Many are echoing the sentiments of people such as Canacci; they are abandoning the standard formats of AM and FM radio for everything from satellite radio in the form of XM Radio to streaming audio off the Internet to MP3s downloaded from peer-to-peer music Web sites.
People are simply listening less to the radio and checking out the alternatives more. According to Arbitron, listeners spent an average of 23 hours per week tuned in to the radio; in 2001 the hours dropped to 201/2.
The numbers get even smaller for certain age groups. Teenage girls and boys -- one of the biggest targets for the music industry -- ages 12-17 are listening much less than the national average.
The girls turn up their radio about 16 hours each week; boys only 121/2 hours. There are numerous reasons people abandon the bandwidths of radio for higher technology.
In Canacci's case, he enjoys the ease of never having to work to tune in a station.
"One thing is for sure, the reception is always a constant with a computer; there are no worries," he explained. "You may be able to get good reception while driving around in your car, but in an office you can always kind of be fiddling with the antenna."
Another reason is what some feel is the "corporate rock" approach of today's radio stations.

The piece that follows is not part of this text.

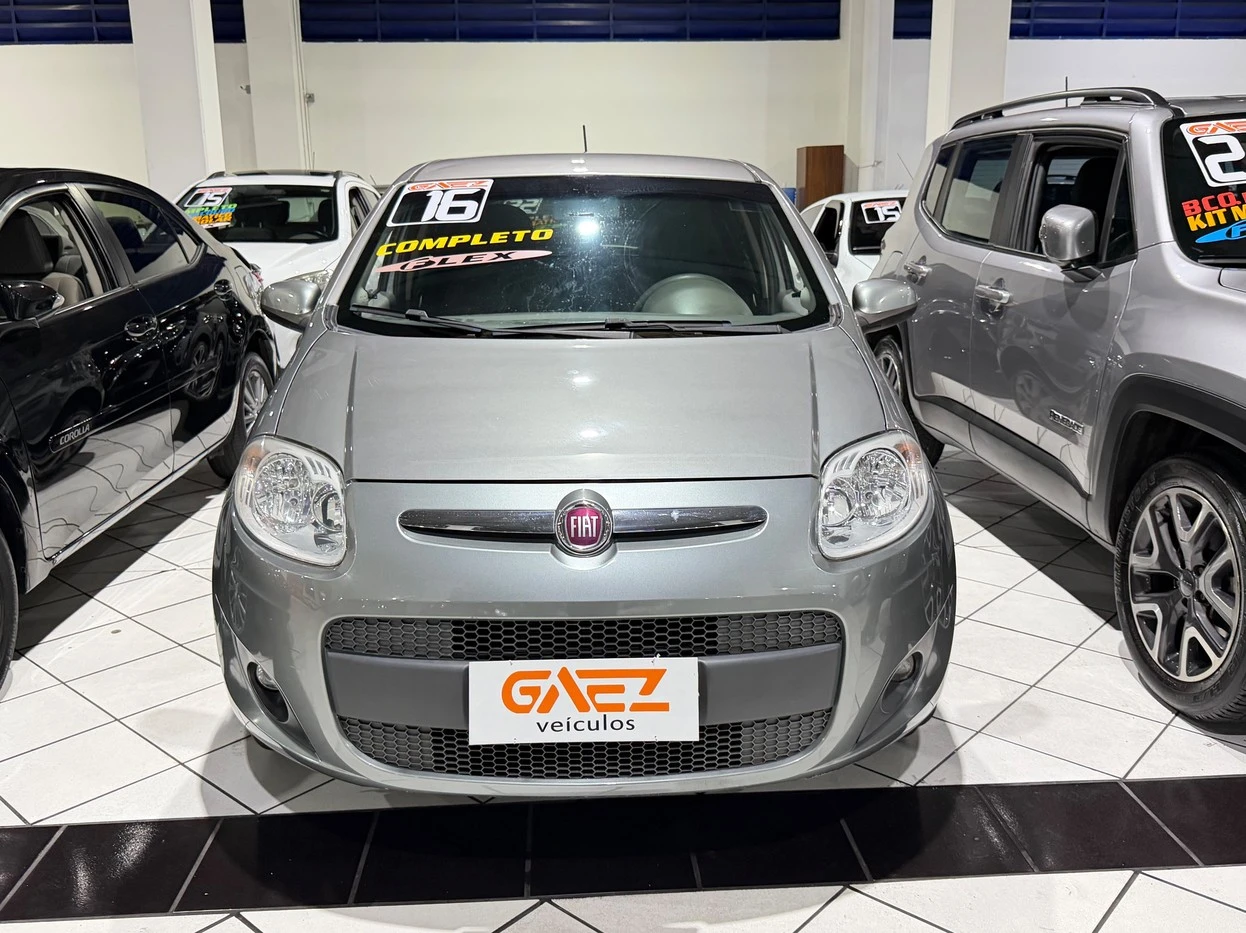 FIAT PALIO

The 1996 Telecommunications Act initiated the monopolization of radio stations across the country. Before then, ownership was capped at 40 stations nationally and four in any market -- two AM and two FM. The world of radio went haywire when the limit vanished and local ownership doubled.

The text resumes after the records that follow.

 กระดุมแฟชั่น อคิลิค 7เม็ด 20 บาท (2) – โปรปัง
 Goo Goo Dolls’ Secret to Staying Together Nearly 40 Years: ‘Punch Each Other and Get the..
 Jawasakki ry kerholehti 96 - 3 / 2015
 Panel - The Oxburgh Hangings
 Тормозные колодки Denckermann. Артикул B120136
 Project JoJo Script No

Conglomerates drove out mom-and-pop stations, along with local personality and community flavor that radio provided.
"We play what people want to hear," John Hogan, president and chief operating officer of Clear Channel Radio and its 1,200 stations, told The Associated Press. "And if we play too little of what people want to hear, they're going to go somewhere else."

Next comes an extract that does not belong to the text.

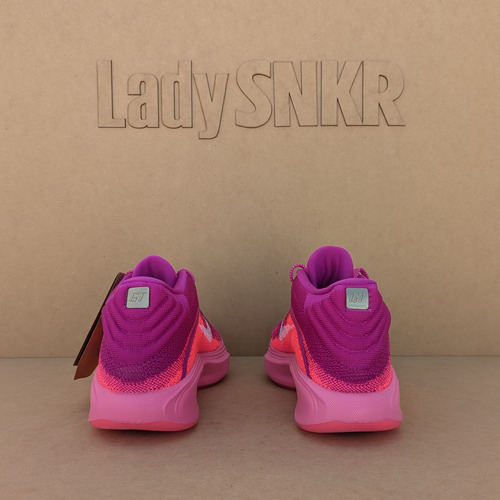 Nike Gt Hustle 3 ( 27.5 Mx ) ( N O ) (Usado)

The San Antonio-based Clear Channel has stations in all 50 states and the District of Columbia. Clear Channel estimates that it reaches 54 percent of people ages 18-49 in the United States.
Lacking local flavor
But according to John Trout, program director and radio personality for WHOT and former disc jockey for a Clear Channel station, they may be reaching people, but that doesn't mean they're satisfying them.
"When you have a medium as personal as radio can be, nothing is better than live, local personalities, who live in your own back yard," Trout said.
Trout believes that if on-air personalities are doing their job, they won't be able to work in another city.
However, Clear Channel uses a method called voice-tracking, which weaves local copy into the standard format and gives the local call letters from other cities. This allows them to operate more profitably, since they don't have to pay full salaries.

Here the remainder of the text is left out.